British-built spacecraft BepiColombo to blast off to reach Mercury

An artist's impression of the two BepiColombo orbiters: PA
An artist's impression of the two BepiColombo orbiters: PA

A British-built spacecraft is set to blast off from Earth to map the surface of Mercury, the closest planet to the sun in our solar system.

BepiColombo, the European Space Agency’s (Esa) first mission to Mercury, will be the first spacecraft to use electrical ion thrusters to travel to another planet.

The mission will perform a comprehensive study of the smallest and innermost planet in the Solar System.

It will examine its magnetosphere, interior structure and surface.

Mission controllers at the European Space Operations Centre in Darmstadt, Germany (PA)
Mission controllers at the European Space Operations Centre in Darmstadt, Germany (PA)

The four-tonne spacecraft will be launched into orbit by Esa’s rocket Ariane 5 from the European spaceport at Kourou, French Guinea, on 20 October.

Its arrival on Mercury is planned for December 2025 after 5.2bn mile (8.5bn km) journey.

Once landed, the spacecraft will deploy the Mercury Planetary Orbiter (MPO) built by satellite-maker Airbus Space and Defence at its assembly centre in Stevenage, Herts, to study the planet’s surface and composition.

The second probe, the Japanese Mercury Magnetospheric Orbiter (MMO), constructed in Japan, is set to look at the electromagnetic environment surrounding the planet.

BepiColombo carries a futuristic ion electric propulsion drive, built in the UK, unlike any other interplanetary spacecraft in history.

An exploded view of the BepiColombo space craft which will use a host of instruments to unravel Mercury's mysteries on Europe's first mission to the planet (PA)
An exploded view of the BepiColombo space craft which will use a host of instruments to unravel Mercury's mysteries on Europe's first mission to the planet (PA)

Four T6 ion engines supplied by British defence and technology company QinetiQ are fitted to the craft's power unit, the Mercury Transfer Module (MTM).

They work by "ionising" inert xenon gas - knocking an electron off the gas atoms to give them a positive charge.

The resulting "plasma" is attracted by electrostatic forces to a grid with an opposite negative charge and fired out of the thruster at 90,000mph.Although the force produced is tiny, it can be maintained with high efficiency over a long period of time.

Dr Jerry Bolter, project manager at Airbus Defence and Space in Stevenage, where the MTM was assembled, said: "We recognised very early on that for BepiColumbo to do what we wanted it to do and get from here to Mercury we needed to have a very efficient propulsion system.

Artist's impression issued by ESA of the BepiColombo in
Artist's impression issued by ESA of the BepiColombo in

“If we relied on chemical propulsion then we'd need 17 tonnes of propellant.
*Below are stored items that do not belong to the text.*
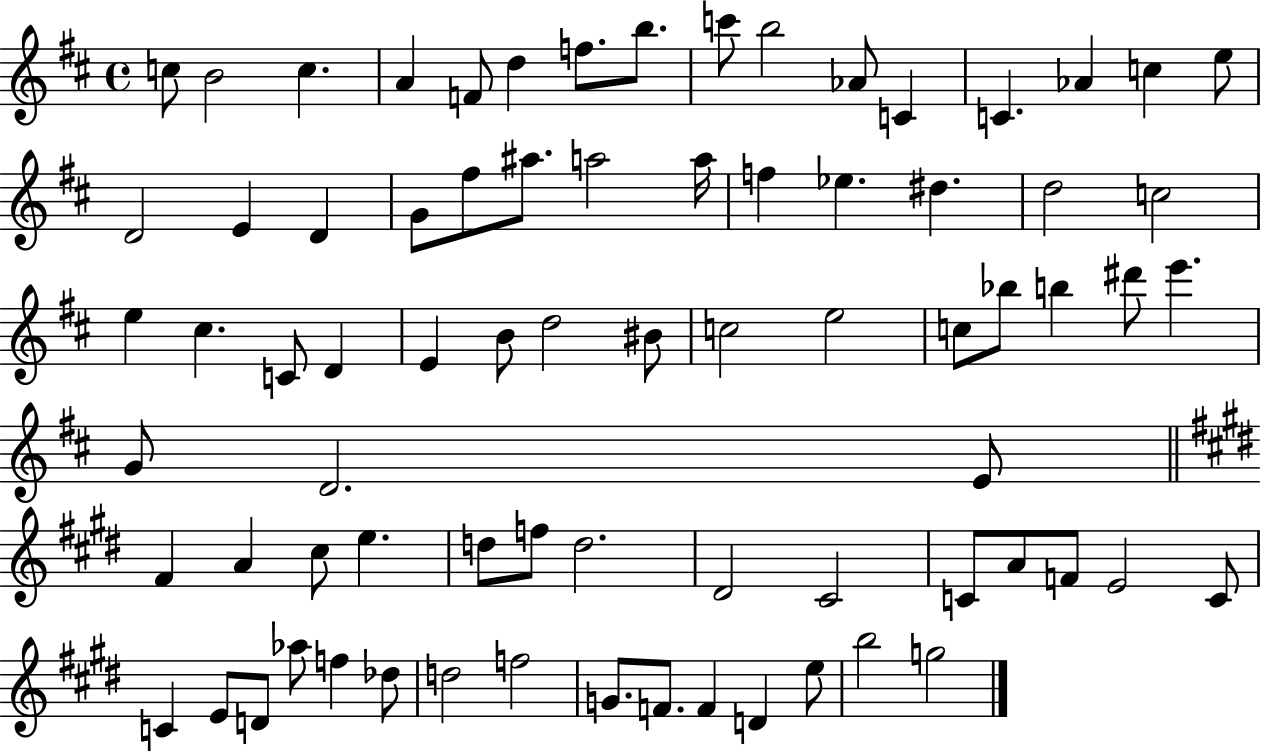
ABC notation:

X:1
T:Untitled
M:4/4
L:1/4
K:D
c/2 B2 c A F/2 d f/2 b/2 c'/2 b2 _A/2 C C _A c e/2 D2 E D G/2 ^f/2 ^a/2 a2 a/4 f _e ^d d2 c2 e ^c C/2 D E B/2 d2 ^B/2 c2 e2 c/2 _b/2 b ^d'/2 e' G/2 D2 E/2 ^F A ^c/2 e d/2 f/2 d2 ^D2 ^C2 C/2 A/2 F/2 E2 C/2 C E/2 D/2 _a/2 f _d/2 d2 f2 G/2 F/2 F D e/2 b2 g2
"The ion drive needs just 581 kilograms of propellant and does the equivalent of 17.8 million miles to the gallon."

He added that the drive unit was "very complicated" involving a lot of intricate computer-controlled electronics to control fuel rates and pressure.

Two spacecraft have visited Mercury – Nasa’s Mariner 10 flew by in 1974 and 1975, and Messenger, launched in 2004, orbited the planet over 4,000 times before exhausting its fuel and crashing into the planet’s surface in 2015.